Торопливость, с которою Надя надевала перчатки, обнаруживая намерение уйти не дожидаясь, оторвала Софью Васильевну от разговора с Уткиным.
— Так до завтра! — сказал Уткин, делая Софье Васильевне весьма ласковые глаза, и подруги ушли бы тотчас же, если бы в это время не произошло нечто особенное.
Отодвигая сердитою рукою куст, на площадку перед беседкой выступил знакомый нам лавочник Трифонов.
— Вот они, соколики! — заговорил он таким голосом, каким говорят люди, поймавшие вора. — Ишь жеребца какого припасли! Где тут еще-то? Их тут, поди, во всех кустах понасажено. Эй ты, тетерев!
На этот зов откуда-то явился Павел Иваныч.
— Правду говорил? — сказал Трифонов. — То-то я слышу: «корку, корку». А вот они тут какую корку… Чего глядишь? Ошарашь жеребца-то по рылу! Пакля! Кабы не разбудил, издох бы — не узнал!..

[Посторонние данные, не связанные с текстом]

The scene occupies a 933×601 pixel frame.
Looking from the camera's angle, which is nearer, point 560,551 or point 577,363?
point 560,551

Павел Иваныч и Софья Васильевна были в каком-то ужасе. Печкин не мог произнести слова и стоял бледный, как полотно. Уткин прочищал палкой и ногой дорогу в куст.

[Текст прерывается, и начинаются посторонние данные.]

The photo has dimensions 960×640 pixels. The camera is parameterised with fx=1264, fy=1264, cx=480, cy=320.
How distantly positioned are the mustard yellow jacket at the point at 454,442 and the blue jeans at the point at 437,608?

— Ну что же? — командовал Трифонов. — Пехтерь! Производи свой порядок, получай жену-то! Докажи ей, шельме, права!
Софья Васильевна вдруг как-то рванулась вперед, побледнела, хотела что-то сказать и вдруг заплакала, зарыдала…
— Домой! — закричал внезапно, что есть мочи, Печкин.
— Эх, ляпнул дело! — передразнил его Трифонов. — Трехони ее, бери под руку-то, подхвати!
Печкин рванулся к жене, но Софья Васильевна, словно опомнившись, схватила руку Нади и побежала вперед по извилистой дорожке.
— Не пойду! никогда! — крикнула она всей грудью, скрывшись за куст.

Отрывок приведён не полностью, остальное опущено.